Only the pictures are to be dropped; the rest of the data below is to be duplicated exactly.

━━ INPUT DATA ━━

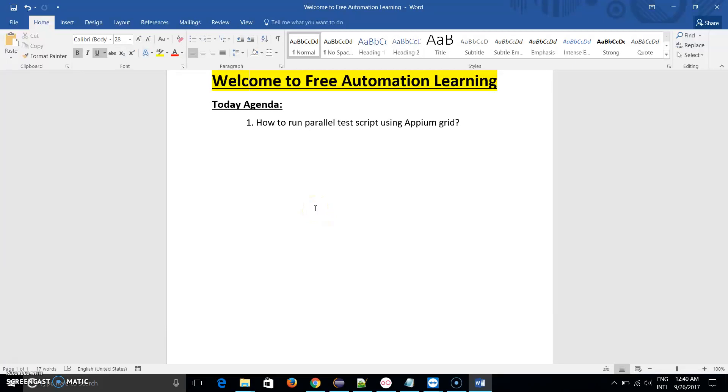Hello everyone, welcome back to Free Automation Learning channel. My name is Chirag. Today we are going to discuss how to run parallel test scripts using Appium Grid. In the previous video we discussed what is Appium Grid, how we can set up Appium Grid, how we can start a hub, how we can start node.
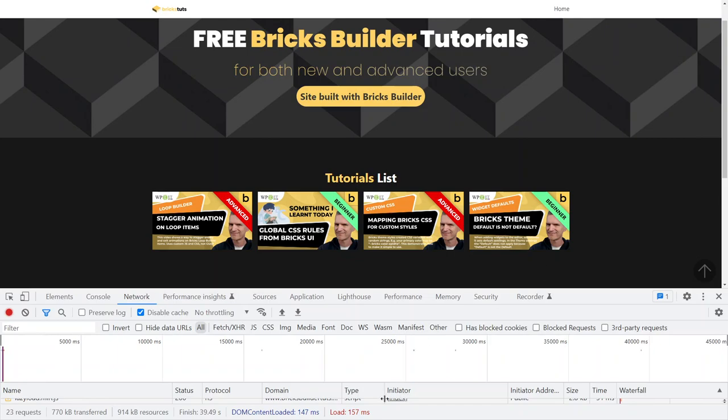Have a look down here at the bottom in the load, fully loaded time. I've got network tab in Chrome tools, cache disabled. I'm going to press the Control and F5 key.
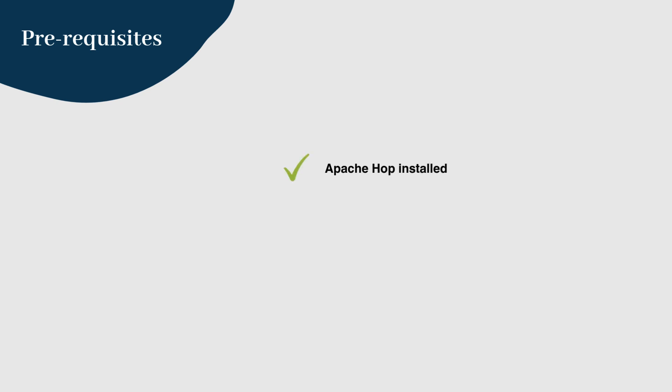Before we begin, ensure you have the following. Whether you're on Windows, macOS, or Linux, you should have a functioning installation of Apache Hop. In our earlier post, we created two pipelines and a workflow in the project MyHopProject. Make sure they are saved in your project directory.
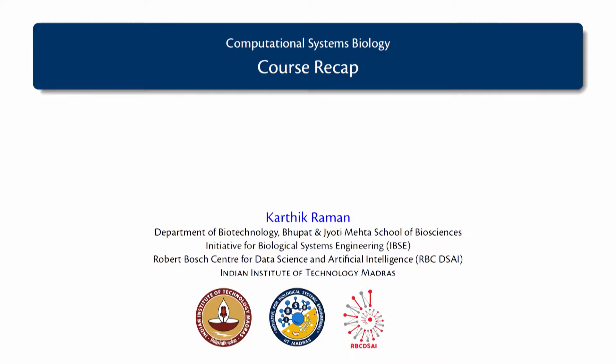So, this last video in this course on Computational Systems Biology, I will basically try to recap the entire course.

━━━

*RESPONSE AREA*
Hello everyone, welcome back to Free Automation Learning channel. My name is Chirag. Today we are going to discuss how to run parallel test scripts using Appium Grid. In the previous video we discussed what is Appium Grid, how we can set up Appium Grid, how we can start a hub, how we can start node.
Have a look down here at the bottom in the load, fully loaded time. I've got network tab in Chrome tools, cache disabled. I'm going to press the Control and F5 key.
Before we begin, ensure you have the following. Whether you're on Windows, macOS, or Linux, you should have a functioning installation of Apache Hop. In our earlier post, we created two pipelines and a workflow in the project MyHopProject. Make sure they are saved in your project directory.
So, this last video in this course on Computational Systems Biology, I will basically try to recap the entire course.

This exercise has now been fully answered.